In return for the changes, Facebook agreed to lift a ban on Australians accessing and sharing news.
Rod Sims, the competition regulator who drafted the code, said he was happy that the amended legislation would address the market imbalance between Australian news publishers and the two gateways to the internet.
“All signs are good,” Sims said.
“The purpose of the code is to address the market power that clearly Google and Facebook have. Google and Facebook need media, but they don’t need any particular media company, and that meant media companies couldn’t do commercial deals,” the Australian Competition and Consumer Commission chair added.
The rest of the law had passed in Parliament earlier, so it can now be implemented.
Google has already struck deals with major Australian news businesses in recent weeks including News Corp. and Seven West Media.
Frydenberg said he was pleased to see progress by Google and more recently Facebook in reaching commercial deals with Australian news businesses.
But Country Press Australia, which represents 161 regional newspapers across the country, has raised concerns that tiny publications outside large cities might miss out.
Sims said he was not surprised that the platforms would strike deals with the large city businesses first.
“I don’t see any reason why anybody should doubt that all journalism will benefit,” Sims said.
“There things take time. Google and Facebook don’t have unlimited resources to go around talking to everybody. I think this has got a long way to play out,” he added.
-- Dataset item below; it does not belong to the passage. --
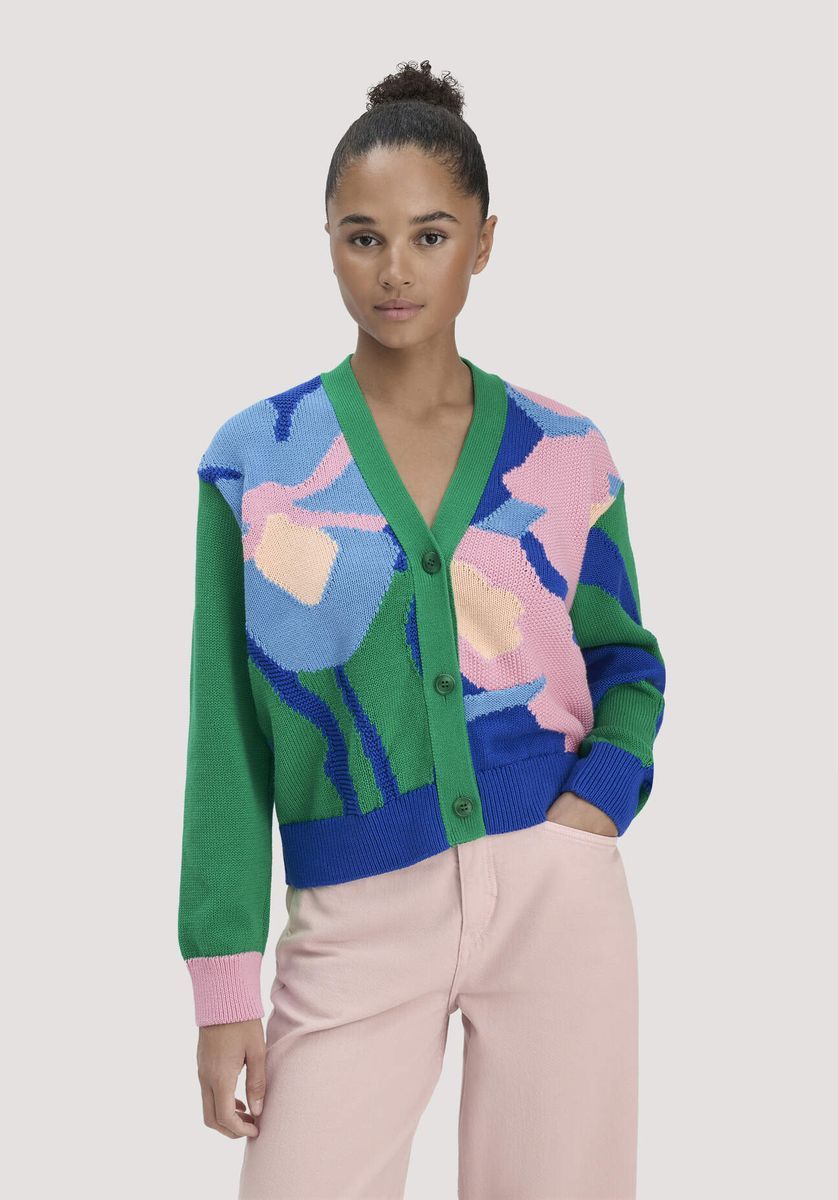 Künstlerischer Floral-Intarsien-Strickcardigan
Chris Moos, a lecturer at Oxford University’s Business School, said the latest amendments amounted to a “small victory” for Zuckerberg.
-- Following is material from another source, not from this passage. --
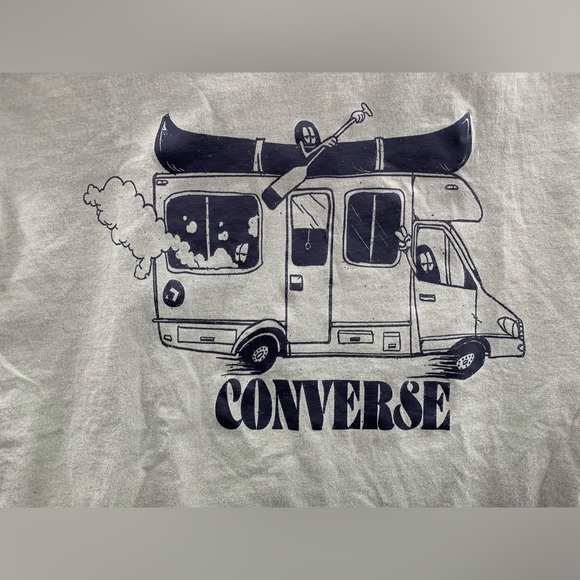 Converse Women All Star Army Green Truck Kayak Logo Graphic T-Shirt Tee Size XS - Picture 9 of 13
Moos said the legislation would likely result in small payouts for most Australian news publishers. But Facebook could again block Australian news if negotiations broke down.
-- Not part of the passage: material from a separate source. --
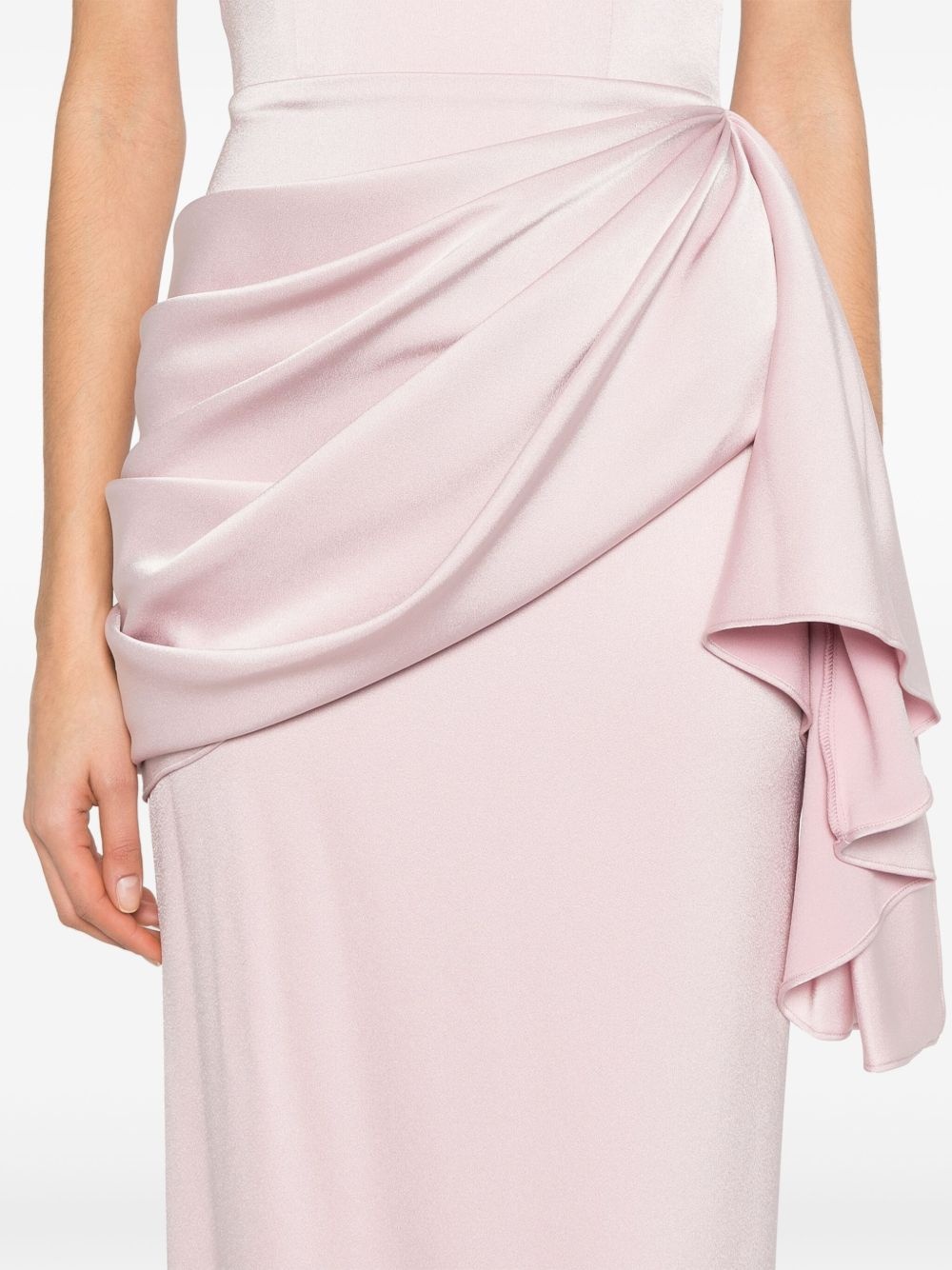 strapless satin maxi dress - 5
The legislation was designed to curb the outsized bargaining power of Facebook and Google in their negotiations with Australian news providers. The digital giants would not be able to abuse their positions by making take-it-or-leave-it payment offers to news businesses for their journalism. Instead, in the case of a standoff, an arbitration panel would make a binding decision on a winning offer.
Frydenberg and Facebook confirmed that the two sides agreed to amendments to the proposed legislation. The changes would give digital platforms one month’s notice before they are formally designated under the code. That would give those involved more time to broker agreements before they are forced to enter binding arbitration arrangements.
Facebook Vice President of Global Affairs Nick Clegg said on Wednesday that the Australian law, without this week’s amendments, would have enabled media conglomerates to “demand a blank check.”
“Thankfully, after further discussion, the Australian government has agreed to changes that mean fair negotiations are encouraged without the looming threat of heavy-handed and unpredictable arbitration,” Clegg, a former British deputy prime minister, wrote in a Facebook post.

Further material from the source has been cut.